→ MATERIALS PROVIDED
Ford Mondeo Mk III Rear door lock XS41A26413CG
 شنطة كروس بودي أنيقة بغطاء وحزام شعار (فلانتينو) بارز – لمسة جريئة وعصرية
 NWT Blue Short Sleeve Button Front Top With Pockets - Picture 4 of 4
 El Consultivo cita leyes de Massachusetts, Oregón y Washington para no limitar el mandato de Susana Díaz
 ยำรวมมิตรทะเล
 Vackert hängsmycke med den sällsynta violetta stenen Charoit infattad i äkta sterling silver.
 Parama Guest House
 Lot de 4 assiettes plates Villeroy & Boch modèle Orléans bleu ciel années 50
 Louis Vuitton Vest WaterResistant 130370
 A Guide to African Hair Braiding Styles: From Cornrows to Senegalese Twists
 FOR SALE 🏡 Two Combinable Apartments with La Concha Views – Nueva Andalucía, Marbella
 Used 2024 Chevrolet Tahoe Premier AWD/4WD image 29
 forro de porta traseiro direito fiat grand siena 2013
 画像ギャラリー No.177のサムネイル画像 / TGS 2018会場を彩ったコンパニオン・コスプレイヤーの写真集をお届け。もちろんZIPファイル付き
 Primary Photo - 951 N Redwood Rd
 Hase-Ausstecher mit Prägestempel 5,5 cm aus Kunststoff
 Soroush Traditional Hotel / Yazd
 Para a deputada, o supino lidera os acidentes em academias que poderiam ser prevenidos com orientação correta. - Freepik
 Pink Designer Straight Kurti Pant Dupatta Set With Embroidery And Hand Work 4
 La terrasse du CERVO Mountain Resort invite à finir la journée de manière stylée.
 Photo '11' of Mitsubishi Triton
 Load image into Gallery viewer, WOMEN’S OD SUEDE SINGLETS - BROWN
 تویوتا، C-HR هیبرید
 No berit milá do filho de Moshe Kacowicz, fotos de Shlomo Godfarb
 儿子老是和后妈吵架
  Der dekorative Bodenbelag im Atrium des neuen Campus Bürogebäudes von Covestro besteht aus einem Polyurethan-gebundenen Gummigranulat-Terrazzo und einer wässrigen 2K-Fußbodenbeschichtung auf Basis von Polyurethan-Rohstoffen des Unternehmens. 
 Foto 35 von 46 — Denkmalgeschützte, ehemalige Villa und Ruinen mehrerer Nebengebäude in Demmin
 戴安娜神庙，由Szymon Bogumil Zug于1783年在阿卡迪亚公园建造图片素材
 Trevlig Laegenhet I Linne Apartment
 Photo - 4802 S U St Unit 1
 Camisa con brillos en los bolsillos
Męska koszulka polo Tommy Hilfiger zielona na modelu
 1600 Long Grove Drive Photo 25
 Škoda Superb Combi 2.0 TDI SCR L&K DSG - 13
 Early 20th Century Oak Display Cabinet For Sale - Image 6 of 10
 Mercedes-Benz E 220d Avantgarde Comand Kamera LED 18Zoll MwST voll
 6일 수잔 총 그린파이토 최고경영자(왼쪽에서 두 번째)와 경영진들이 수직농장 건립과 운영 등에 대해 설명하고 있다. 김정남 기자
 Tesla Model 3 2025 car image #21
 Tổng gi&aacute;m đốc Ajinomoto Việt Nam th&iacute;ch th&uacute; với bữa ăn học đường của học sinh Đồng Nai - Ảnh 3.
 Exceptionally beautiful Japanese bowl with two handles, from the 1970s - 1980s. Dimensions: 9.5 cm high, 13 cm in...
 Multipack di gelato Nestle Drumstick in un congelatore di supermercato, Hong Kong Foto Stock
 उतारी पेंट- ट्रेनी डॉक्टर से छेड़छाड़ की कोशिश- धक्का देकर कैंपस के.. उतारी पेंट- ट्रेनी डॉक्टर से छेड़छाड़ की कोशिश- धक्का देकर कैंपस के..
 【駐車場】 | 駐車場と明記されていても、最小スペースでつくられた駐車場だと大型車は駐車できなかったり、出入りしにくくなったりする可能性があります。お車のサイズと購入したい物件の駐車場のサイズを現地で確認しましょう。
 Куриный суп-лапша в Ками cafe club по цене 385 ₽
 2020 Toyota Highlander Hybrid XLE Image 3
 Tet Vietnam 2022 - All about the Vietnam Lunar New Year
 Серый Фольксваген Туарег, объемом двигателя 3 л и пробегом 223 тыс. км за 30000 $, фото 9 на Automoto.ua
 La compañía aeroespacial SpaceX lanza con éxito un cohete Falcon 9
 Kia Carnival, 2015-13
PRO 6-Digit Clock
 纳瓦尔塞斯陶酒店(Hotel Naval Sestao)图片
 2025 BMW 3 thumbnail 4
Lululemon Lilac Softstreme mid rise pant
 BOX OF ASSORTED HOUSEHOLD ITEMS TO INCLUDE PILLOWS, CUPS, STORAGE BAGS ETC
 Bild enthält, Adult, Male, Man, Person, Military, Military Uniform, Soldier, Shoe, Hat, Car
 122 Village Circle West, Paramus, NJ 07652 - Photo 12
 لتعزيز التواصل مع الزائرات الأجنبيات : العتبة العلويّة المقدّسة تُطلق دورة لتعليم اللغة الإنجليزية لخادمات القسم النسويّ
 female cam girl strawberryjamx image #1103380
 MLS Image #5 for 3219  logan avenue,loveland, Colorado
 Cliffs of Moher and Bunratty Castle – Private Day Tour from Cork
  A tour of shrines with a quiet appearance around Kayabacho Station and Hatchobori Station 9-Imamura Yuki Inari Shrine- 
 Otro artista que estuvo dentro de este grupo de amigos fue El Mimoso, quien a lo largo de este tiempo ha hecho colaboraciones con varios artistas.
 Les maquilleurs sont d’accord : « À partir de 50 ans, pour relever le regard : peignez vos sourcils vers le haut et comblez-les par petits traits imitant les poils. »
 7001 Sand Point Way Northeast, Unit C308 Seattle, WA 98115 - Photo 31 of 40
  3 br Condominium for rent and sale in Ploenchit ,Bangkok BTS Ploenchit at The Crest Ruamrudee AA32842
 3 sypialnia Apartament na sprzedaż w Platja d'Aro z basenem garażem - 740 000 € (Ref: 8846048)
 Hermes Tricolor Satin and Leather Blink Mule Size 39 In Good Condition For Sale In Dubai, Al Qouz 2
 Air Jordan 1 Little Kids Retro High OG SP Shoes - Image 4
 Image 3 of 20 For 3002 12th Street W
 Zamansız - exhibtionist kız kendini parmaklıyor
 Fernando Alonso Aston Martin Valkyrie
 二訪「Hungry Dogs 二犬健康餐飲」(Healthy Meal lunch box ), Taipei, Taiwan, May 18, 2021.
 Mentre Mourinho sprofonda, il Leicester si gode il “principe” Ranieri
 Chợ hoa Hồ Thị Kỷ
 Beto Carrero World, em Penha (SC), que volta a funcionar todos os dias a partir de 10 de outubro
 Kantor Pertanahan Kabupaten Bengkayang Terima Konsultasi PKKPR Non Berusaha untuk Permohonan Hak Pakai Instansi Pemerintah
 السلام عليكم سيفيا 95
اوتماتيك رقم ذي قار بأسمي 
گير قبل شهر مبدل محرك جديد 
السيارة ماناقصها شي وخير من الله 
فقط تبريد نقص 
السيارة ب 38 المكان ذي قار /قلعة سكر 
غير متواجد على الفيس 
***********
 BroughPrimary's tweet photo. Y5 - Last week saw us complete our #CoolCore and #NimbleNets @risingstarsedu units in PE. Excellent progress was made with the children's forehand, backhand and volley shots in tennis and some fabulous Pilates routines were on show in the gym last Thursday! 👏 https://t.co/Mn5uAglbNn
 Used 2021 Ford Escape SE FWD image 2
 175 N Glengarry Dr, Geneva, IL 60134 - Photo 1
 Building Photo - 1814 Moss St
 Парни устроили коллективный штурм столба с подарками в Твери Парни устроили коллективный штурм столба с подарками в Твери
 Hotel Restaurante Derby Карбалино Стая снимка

→ WHAT YOU ARE ASKED TO DO
In the entries above, the lines between the one holding "Tổng gi&aacute;m đốc" and the one holding "Lululemon Lilac Softstreme mid rise pant", inclusive, are to be printed exactly as written, and those alone.

→ TASK RESULT
 Tổng gi&aacute;m đốc Ajinomoto Việt Nam th&iacute;ch th&uacute; với bữa ăn học đường của học sinh Đồng Nai - Ảnh 3.
 Exceptionally beautiful Japanese bowl with two handles, from the 1970s - 1980s. Dimensions: 9.5 cm high, 13 cm in...
 Multipack di gelato Nestle Drumstick in un congelatore di supermercato, Hong Kong Foto Stock
 उतारी पेंट- ट्रेनी डॉक्टर से छेड़छाड़ की कोशिश- धक्का देकर कैंपस के.. उतारी पेंट- ट्रेनी डॉक्टर से छेड़छाड़ की कोशिश- धक्का देकर कैंपस के..
 【駐車場】 | 駐車場と明記されていても、最小スペースでつくられた駐車場だと大型車は駐車できなかったり、出入りしにくくなったりする可能性があります。お車のサイズと購入したい物件の駐車場のサイズを現地で確認しましょう。
 Куриный суп-лапша в Ками cafe club по цене 385 ₽
 2020 Toyota Highlander Hybrid XLE Image 3
 Tet Vietnam 2022 - All about the Vietnam Lunar New Year
 Серый Фольксваген Туарег, объемом двигателя 3 л и пробегом 223 тыс. км за 30000 $, фото 9 на Automoto.ua
 La compañía aeroespacial SpaceX lanza con éxito un cohete Falcon 9
 Kia Carnival, 2015-13
PRO 6-Digit Clock
 纳瓦尔塞斯陶酒店(Hotel Naval Sestao)图片
 2025 BMW 3 thumbnail 4
Lululemon Lilac Softstreme mid rise pant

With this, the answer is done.